It remains a matter of dispute whether the decision to include explicitly these types of wording, or not, in these state constitutions, has any relevance on whether implicit 'individual' rights exist, or whether such rights (if any) are implictly protected by the States' Constitutions, or by the Federal Constitution's Second Amendment.

Regarding the State Constitutional rights to bear arms, the State courts have addressed the meaning of their specific state rights under their specific state's constitution. Two different models have emerged in state jurisprudence.

In Bliss v. Commonwealth (1822, KY) [36], which evaluated the right to bear arms in defence of themselves and the state pursuant to Section 28 of the Second Constitution of Kentucky (1799), the right to bear arms in defence of themselves and the state was interpreted as an individual right, for the case of a concealed sword cane. As stated by the Kentucky High Court, "But it should not be forgotten, that it is not only a part of the right that is secured by the constitution; it is the right entire and complete, as it existed at the adoption of the constitution; and if any portion of that right be impaired, immaterial how small the part may be, and immaterial the order of time at which it be done, it is equally forbidden by the constitution."[37] The "constitution" mentioned in this quote refers to Kentucky's Constitution. [38] As mentioned in this quotation "as it existed at the adoption of the constitution" would have had to have been the pre-existing right in force when Kentucky's First Constitution was drawn in 1799. (Note: The Second Amendment had been in effect only since December 15, 1791 and was still a relatively new concept at the time of the drawing of Kentucky's Constitution in 1799.)

The case prompted outrage in the Kentucky House, all the while recognizing that Section 23 of the Second Constitution of Kentucky (1799), which stated "That the right of the citizens to bear arms in defence of themselves and the State shall not be questioned." (Commonwealth of KY Const. of 1799, art. X, § 23) did guarantee individuals the right to bear arms in defence of themselves and the state.

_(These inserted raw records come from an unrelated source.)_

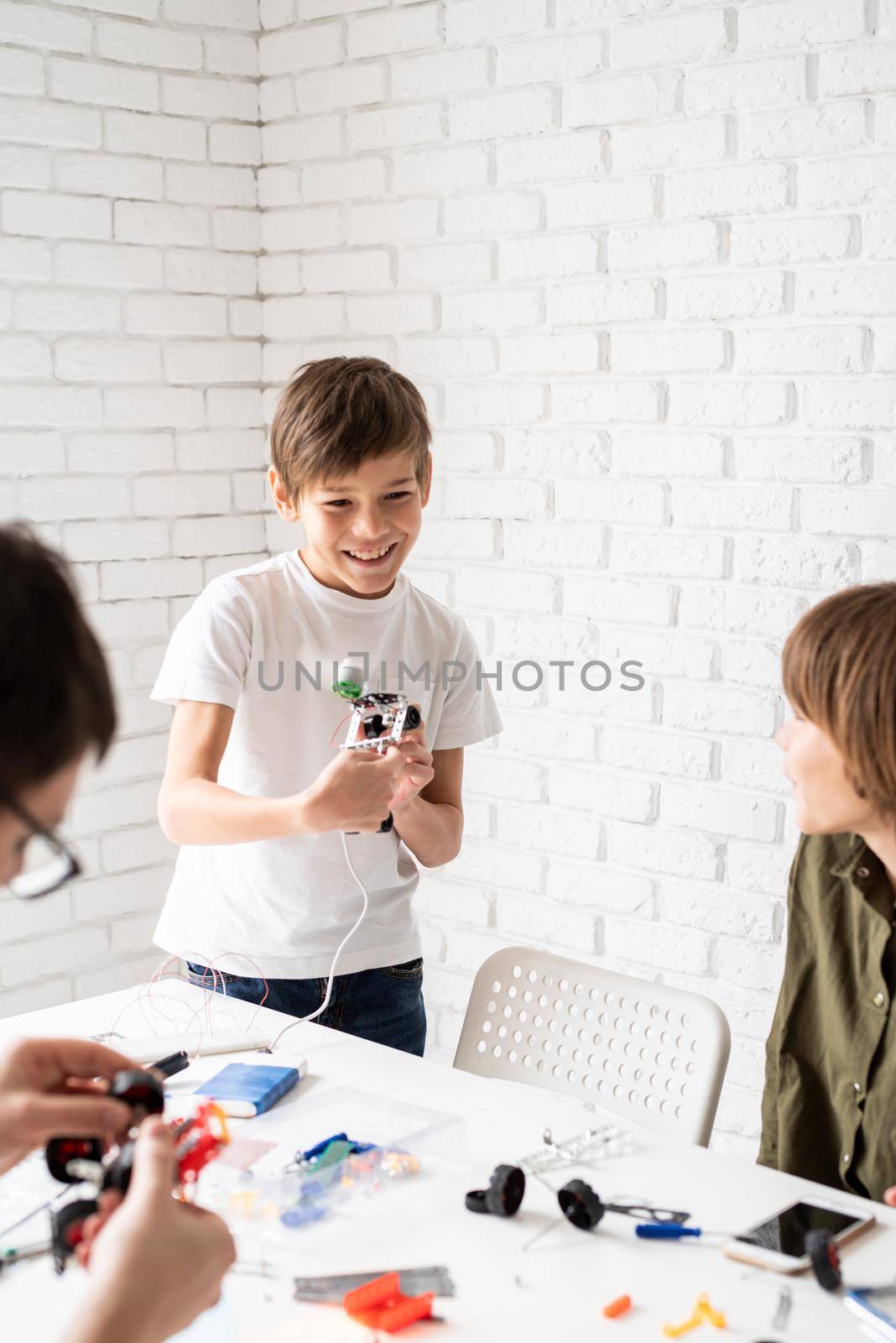 Young boys having fun constructing robot cars at the workshop by Desperada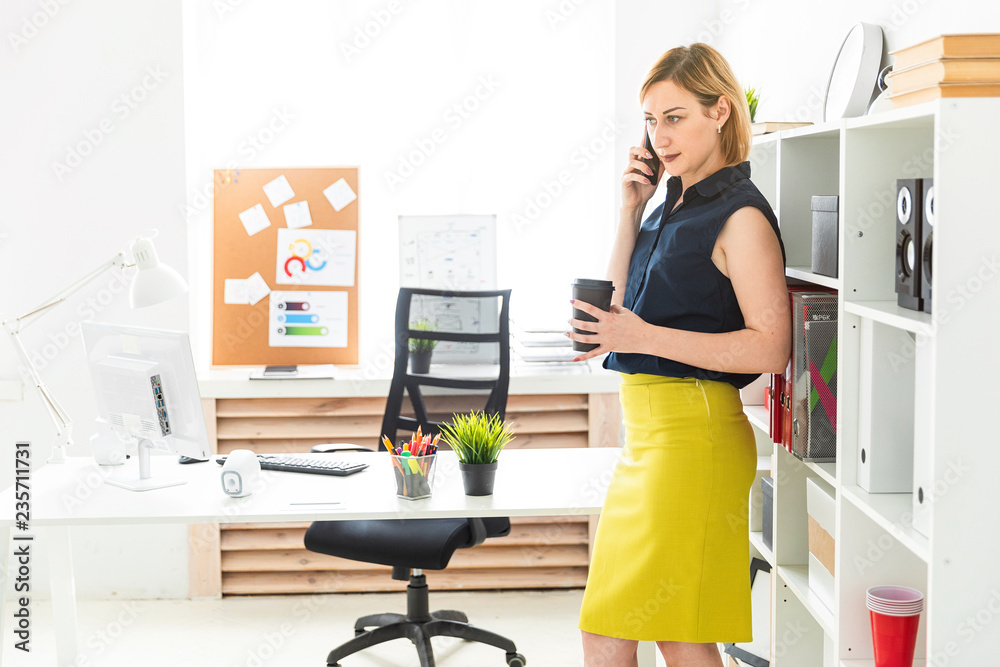 A young girl talking on the phone in the office and holding a glass of coffee. A young girl talking on the phone in the office and holding a glass of coffee.
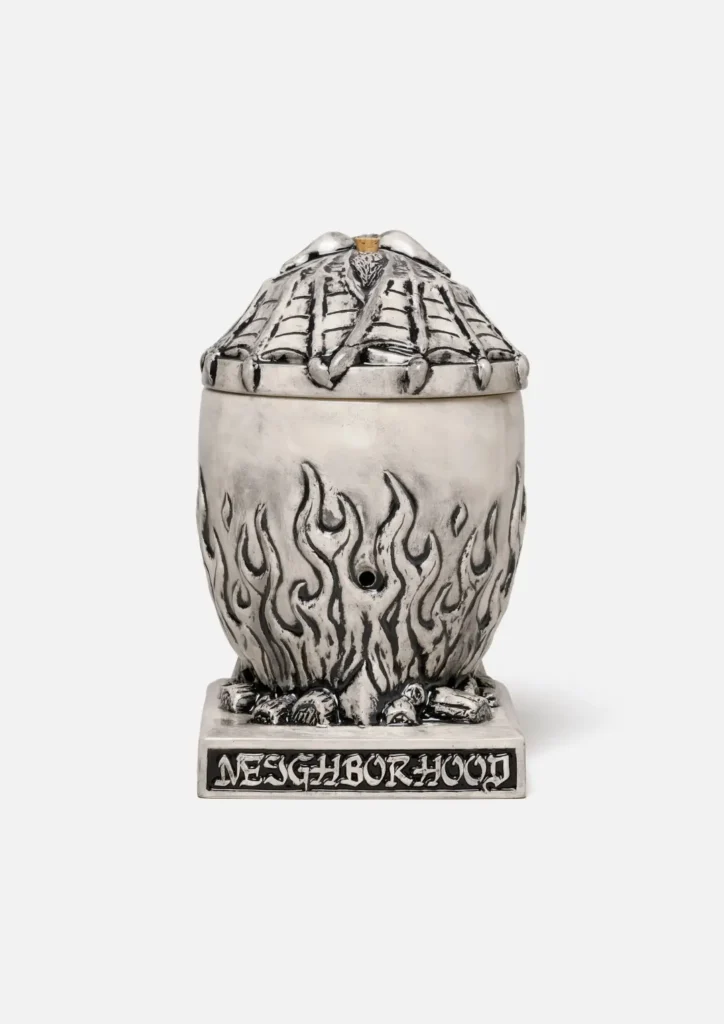 Rear view of the Neighborhood incense chamber. The rib textured back of the gargoyle lid is view. The body show the sculpt flame and a small circle smoke hole in the ceramic. The black plaque on the base is engrave with the word "NEIGHBORHOOD" in a white, gothic-style font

The result was that the law of the Commonwealth of Kentucky was eventually over-turned by constitutional amendment with Section 26 in Kentucky's Third Constitution (1850), banning the future carrying of concealed weapons, while still asserting that the bearing of arms in defence of themselves and the state was an individual and collective right in the Commonwealth of Kentucky. This recognition, of the individual and collective right to bear arms in defence of themselves and the state, has remained to the present day in the Commonwealth of Kentucky's Fourth Constitution enacted in 1891, in Section 1, Article 7, that guarantees "The right to bear arms in defense of themselves and of the State, subject to the power of the General Assembly to enact laws to prevent persons from carrying concealed weapons." As noted in the Northern Kentucky Law Review Second Amendment Symposium: Rights in Conflict in the 1980’s, vol. 10, no. 1, 1982, p. 155, "The first state court decision resulting from the "right to bear arms" issue was Bliss v. Commonwealth. The court held that "the right of citizens to bear arms in defense of themselves and the State must be preserved entire, . . ." This holding was unique because it stated that the right to bear arms is absolute and unqualified. In contrast to this, all states currently regulate the possession and use of firearms to some extent."[39] It is worth noting, however, that two states, Alaska and Vermont, do not require a permit or license even to this day for carrying a concealed weapon, following Kentucky's original position.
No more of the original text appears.